Task:
Copy the entries without a single change. Pictures should be dropped.

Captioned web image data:
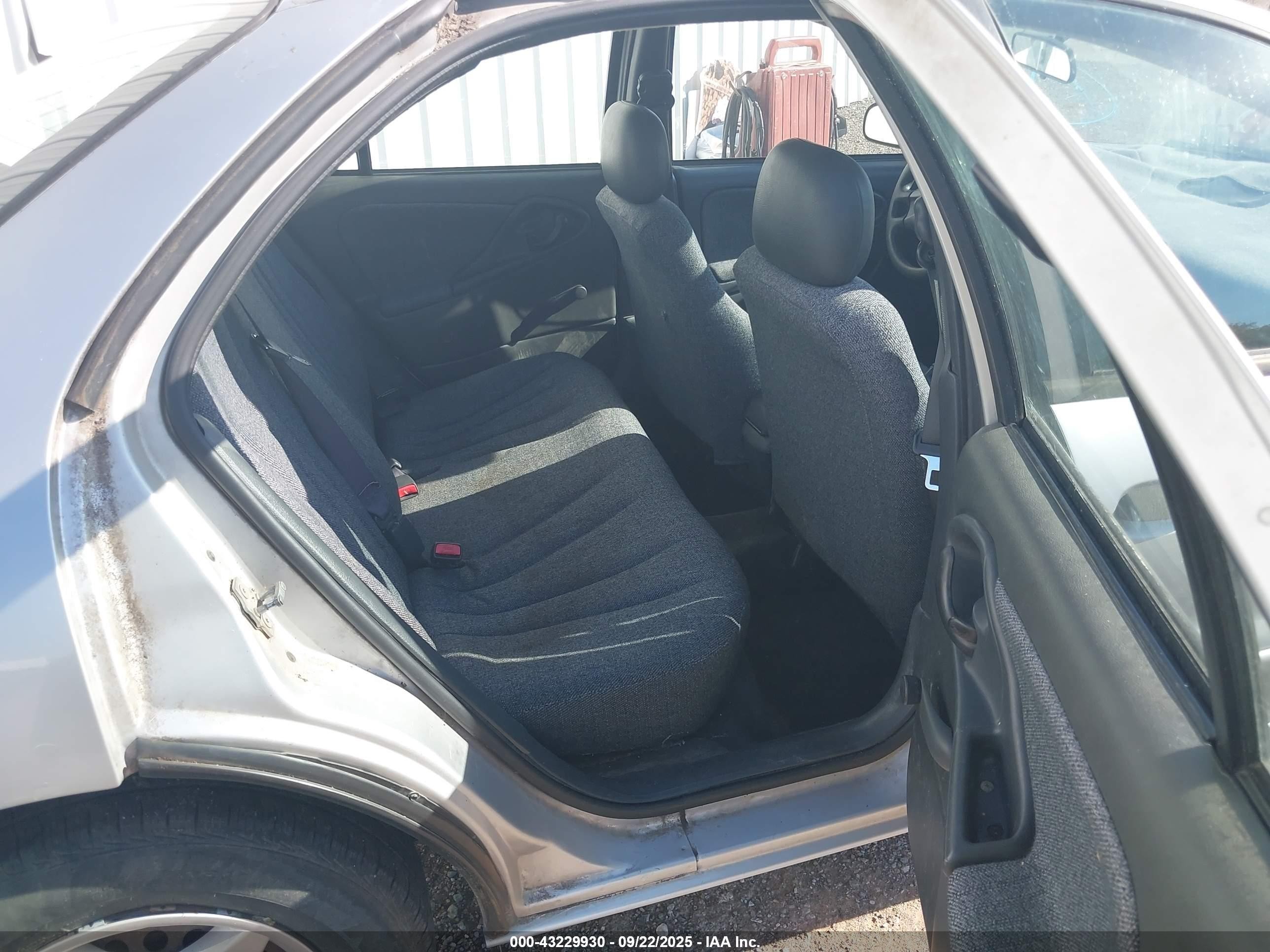2005 Chevrolet Cavalier   Серебряный vin: OK0570425344     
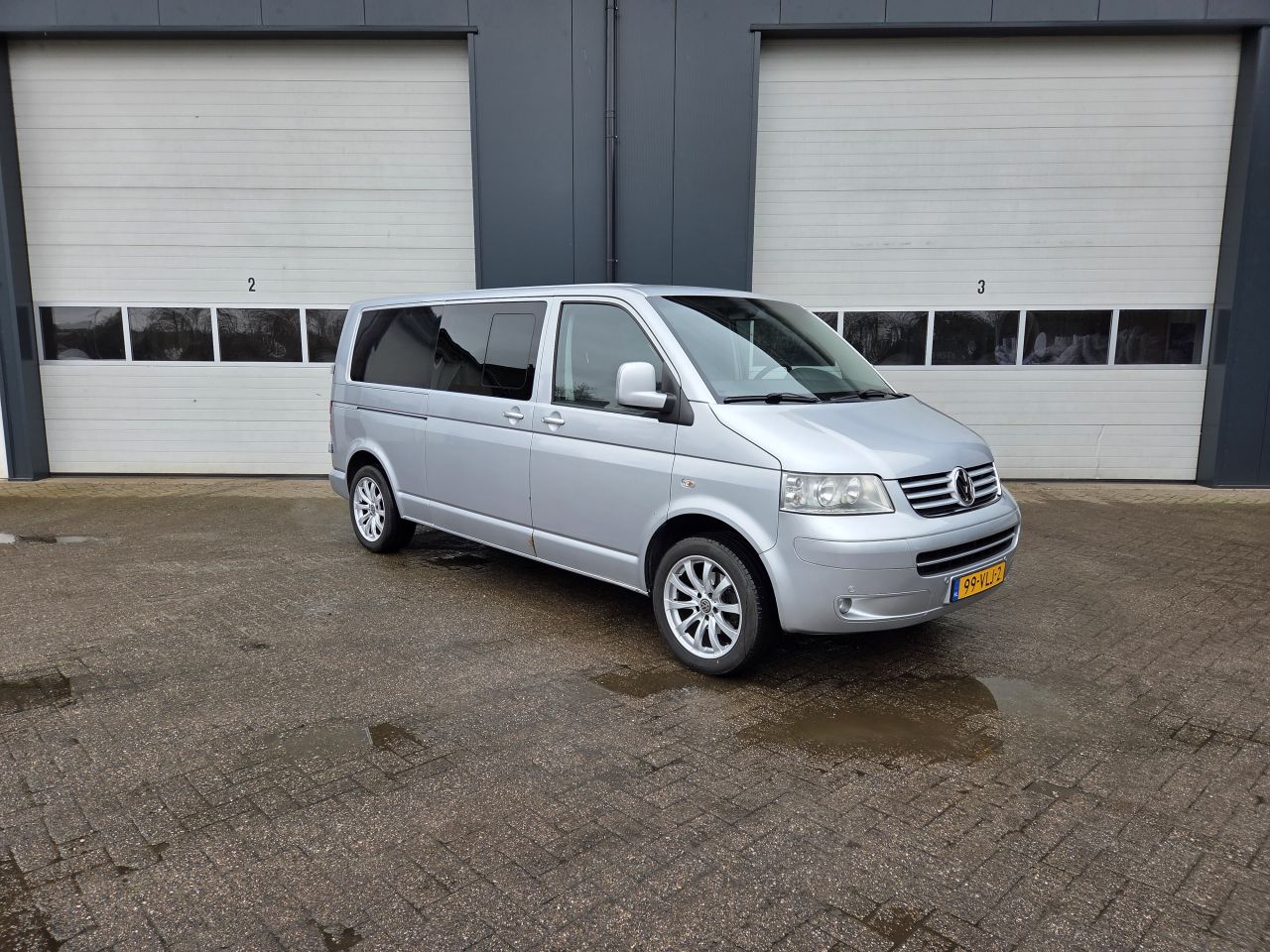 Volkswagen Transporter T5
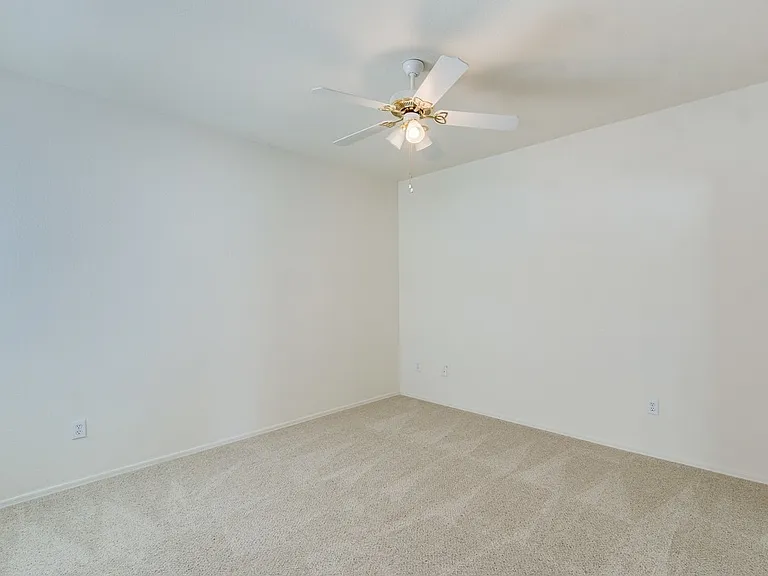 15225 N 100th St #2200 — Photo 6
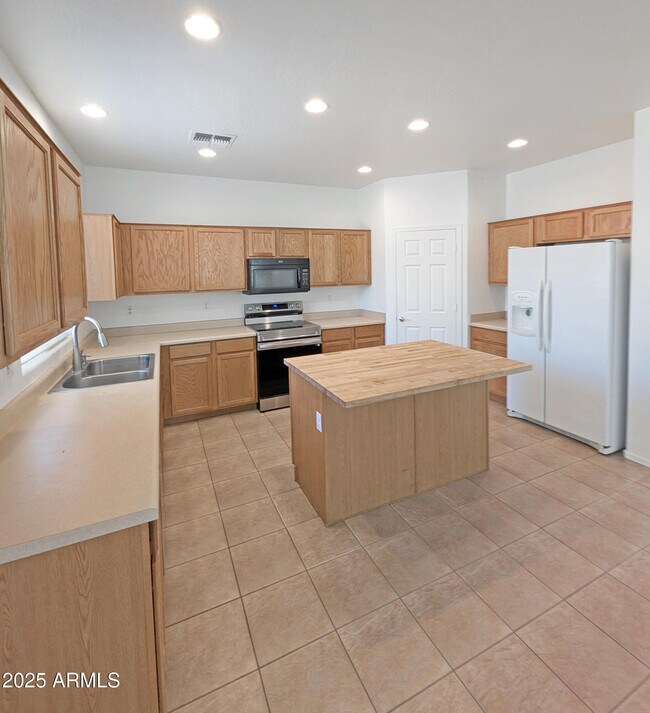 Building Photo - 8984 W Alda Wy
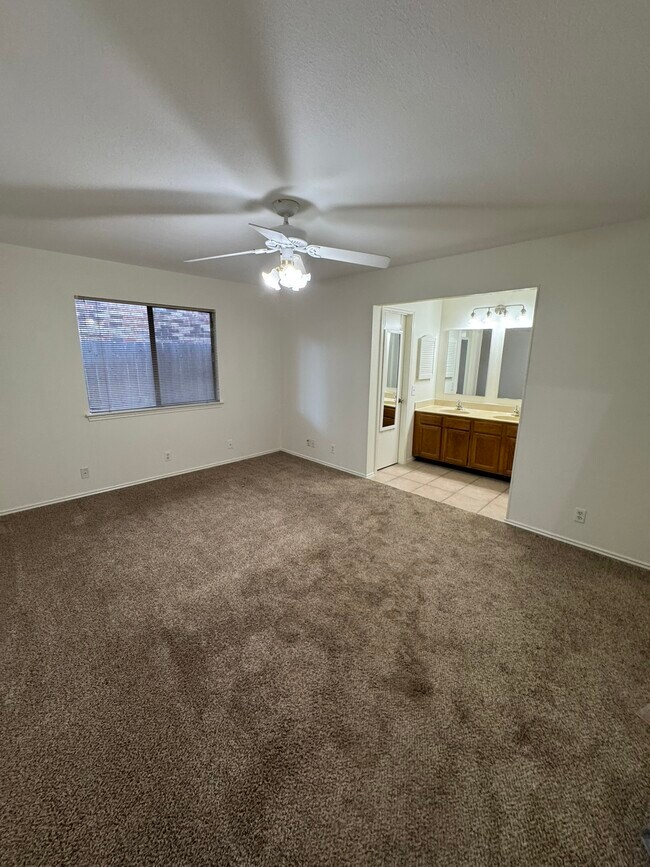 Building Photo - 9538 Cloverdale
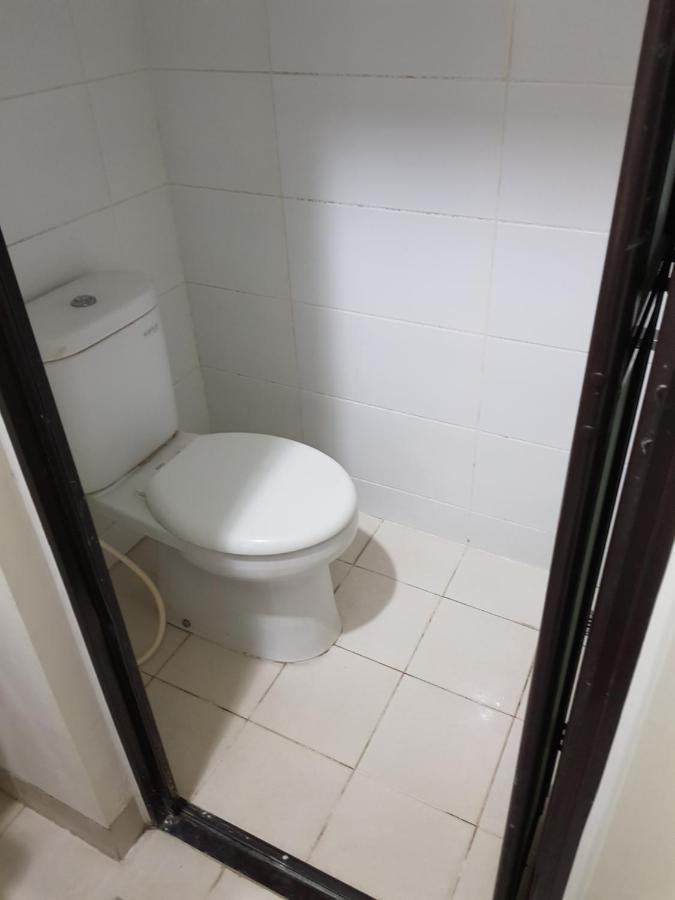 Aloha Guest House - 1 Male Only Tangerang Eksteriør bilde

Finished exercise:
2005 Chevrolet Cavalier   Серебряный vin: OK0570425344     
 Volkswagen Transporter T5
 15225 N 100th St #2200 — Photo 6
 Building Photo - 8984 W Alda Wy
 Building Photo - 9538 Cloverdale
 Aloha Guest House - 1 Male Only Tangerang Eksteriør bilde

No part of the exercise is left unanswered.